How we each deal with adversity and the grim realities of what it means to be human says so much about who we are as individuals. Take the case of two public figures who revealed this summer that they are both "battling," as they say, cancer: noted author and journalist Christopher Hitchens and actor Michael Douglas, both in their sixties, who suffer from similar afflictions.
Douglas, the offspring of Hollywood royalty, grew up in privilege that surely boosted his rise up the ladder of success, starting with a prominent role on TV's The Streets of San Francisco in the 1970s. Now suffering from advanced stage 4 throat cancer, he trumpets "I'll beat this!" in 30-point type from the cover of People magazine. Hitchens, on the other hand, an avowed anti-theist who's the product of a hardscrabble English military upbringing, continues to write eloquent, realistic observations about facing the death that his metastic esophageal cancer, which has spread to his lungs and lymph nodes, seems to indicate is inescapable.
Douglas' upbeat outlook strikes me as narcissistic and foolish, a product of what writer Barbara Ehrenreich brands "bright-sided positive thinking." Having received a cancer diagnosis herself, she defied the self-help thinking and infantilized therapy that steers disease management and derails a patient's ability to come to terms with terminal illness. It's in keeping with the self-image of a celebrity like Douglas, who has been in the public eye since birth, to think that he can overcome what is essentially a death sentence, and consistent with the outlook of the contemporary medical industry to let terminally ill people believe that they can continuously bang their heads against the bulkhead of mortality and somehow break through. There's also a tang of hypocrisy around Douglas' fervency. Douglas is a lifelong smoker, party hound, and self-admitted compulsive sex addict who just this year used his celebrity status to mitigate the sentencing of his adult son for dealing methamphetamine. Google "Catherine Zeta Jones smoking" and you'll come across a gallery of images showing the actor's wife smoking cigarets in the advanced stages of pregnancy.

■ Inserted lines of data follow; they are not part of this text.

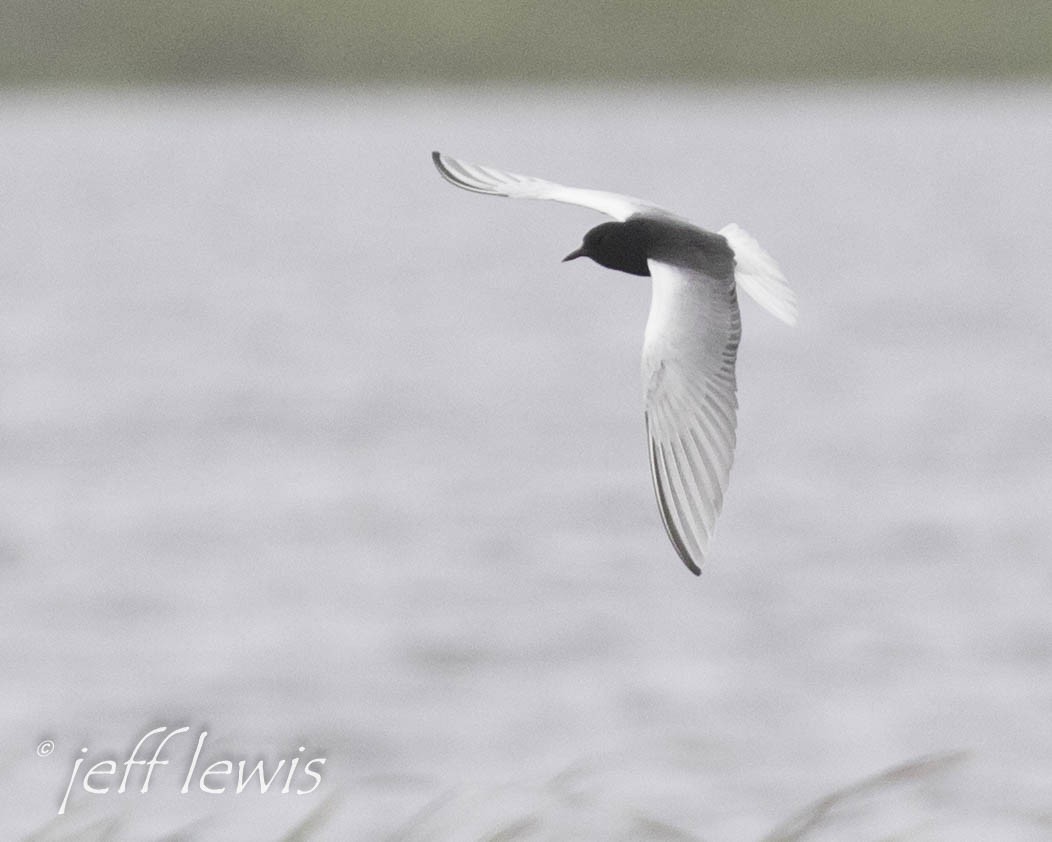 White-winged Tern - ML298555861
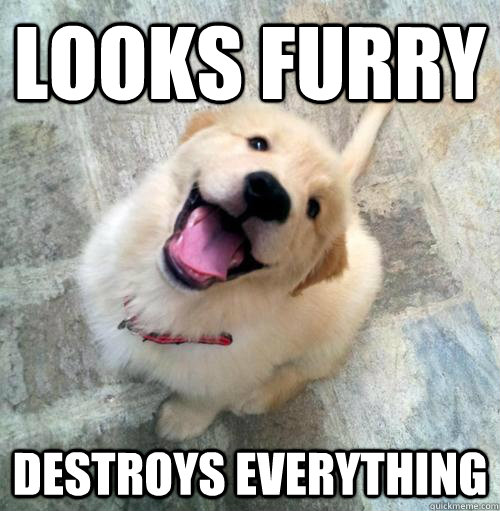 looks furry destroys everything - Actual Puppy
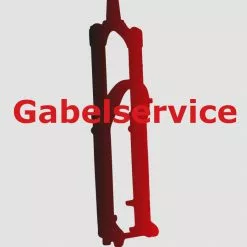 FOX 36 Federgabelservice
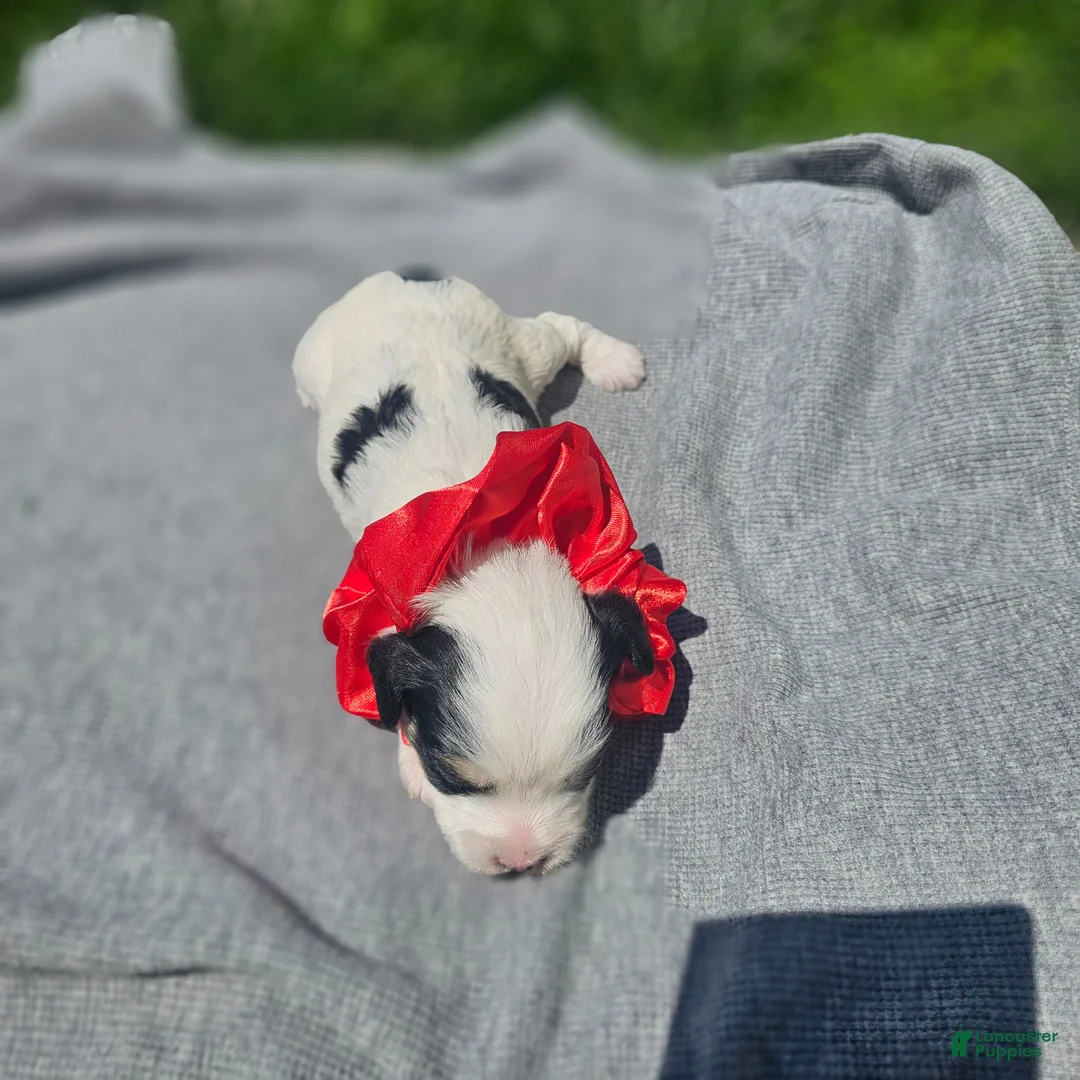 Cavapoo dogs for sale: Liberty - Ad 2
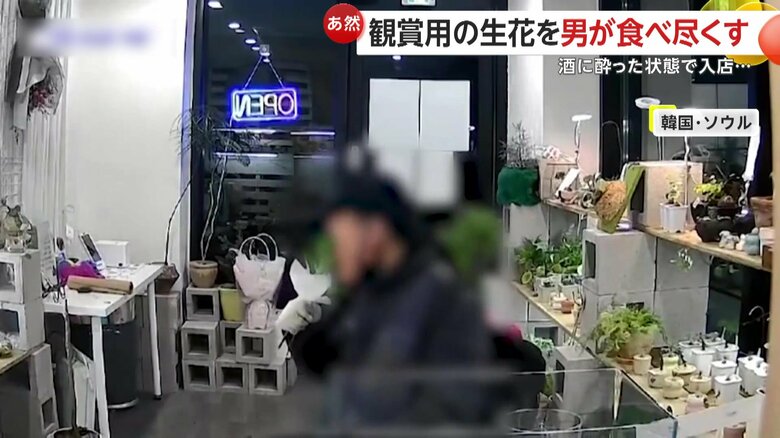 商品の草をムシャムシャと食べ始めた男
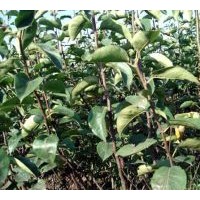 品種核桃苗，櫻桃苗，皂角苗，蘋果苗。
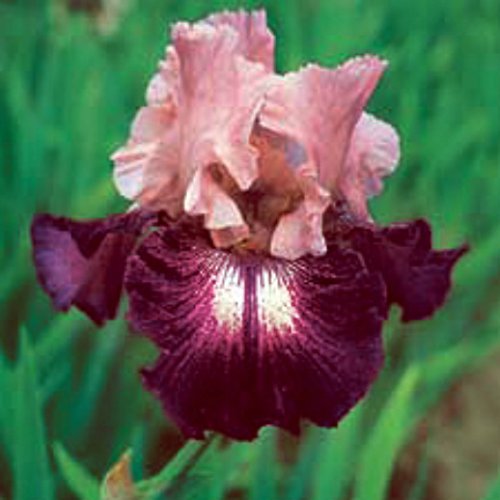 Bearded iris fall planting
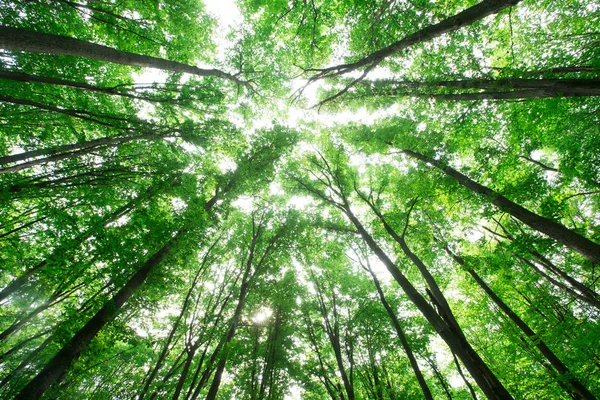 Bosbomen Natuur Groen Hout Zonlicht Achtergronden — Stockfoto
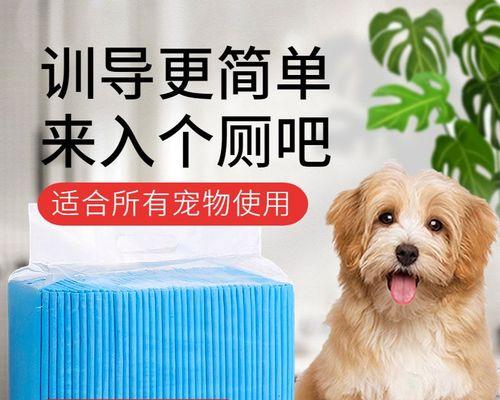 狗为什么不喜欢尿垫？如何训练宠物适应使用尿垫？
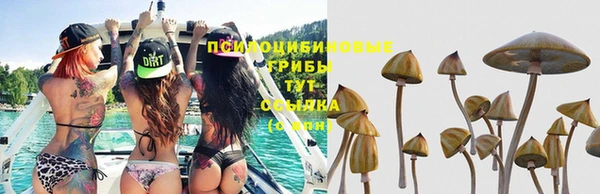круглые Мегион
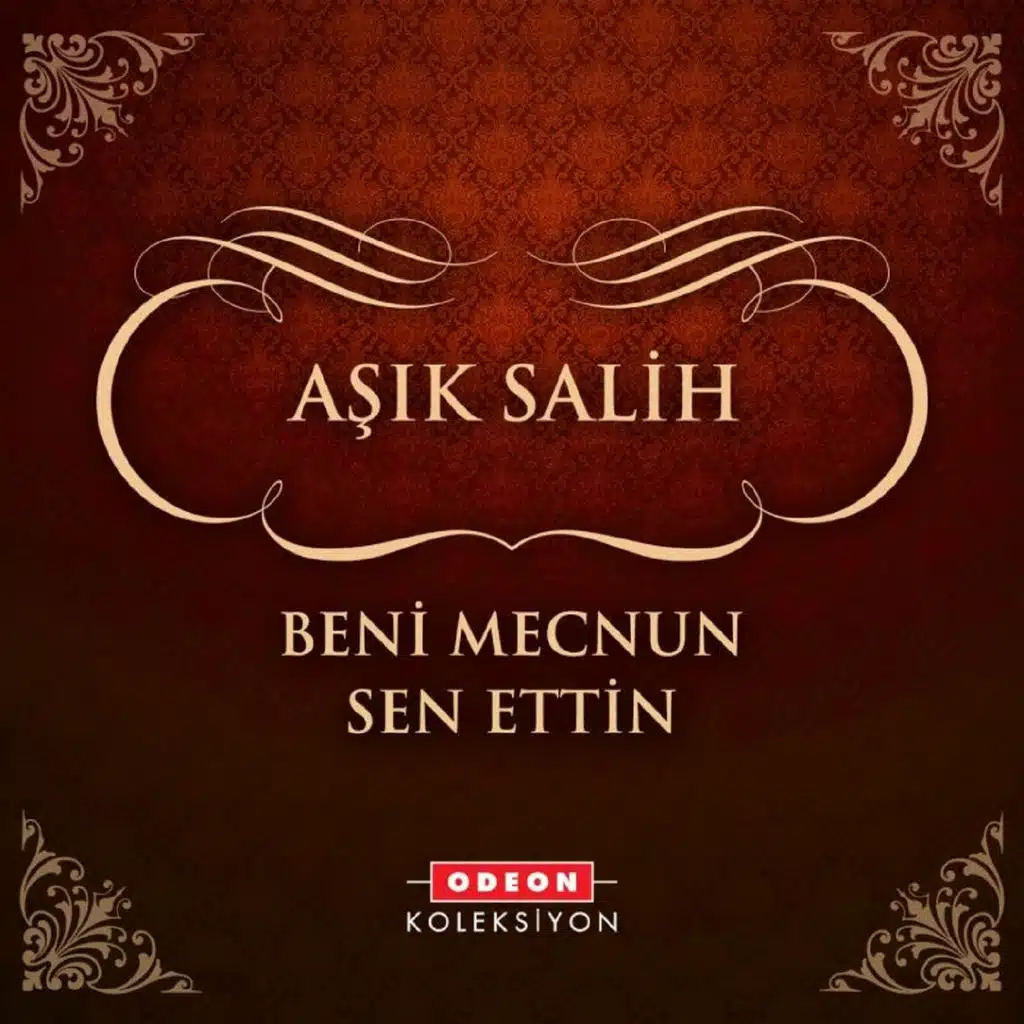 Beni Mecnun Sen Ettin
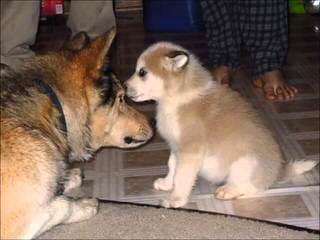 Lakota Wolf Pack Hybird Cubs - Dog Breeders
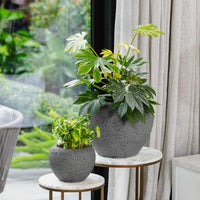 Coral Urn Pot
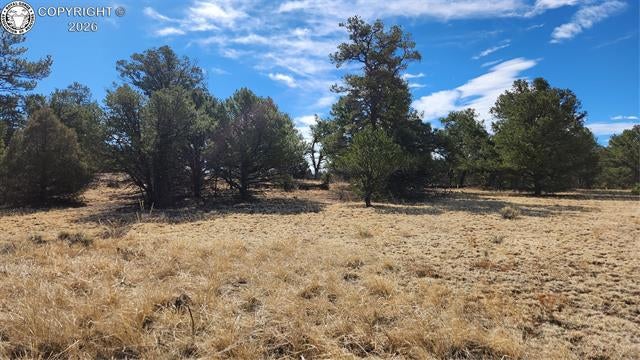 Photo 1 of 29 — TBD L I Path, Cotopaxi, CO 81223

Hitchens, whose body of work has been both provocative and prodigious, makes no qualms about his own lifelong abuses of the flesh, and that's just one more layer of introspection he adds to his pragmatism about his illness. Yes, the writer is currently enduring the requisite rounds of chemo for the sake of his wife and children, but he's also contemplating the abyss with the same eloquence and realism that he's used to broach such topics as Islamic radicalism, Mother Teresa's messianic adulation, and waterboarding. In the current issue of Vanity Fair, he even evaluates online postings from supposed Christians who say his cancer is God's retribution for the blaspheming he conducted with his now afflicted throat.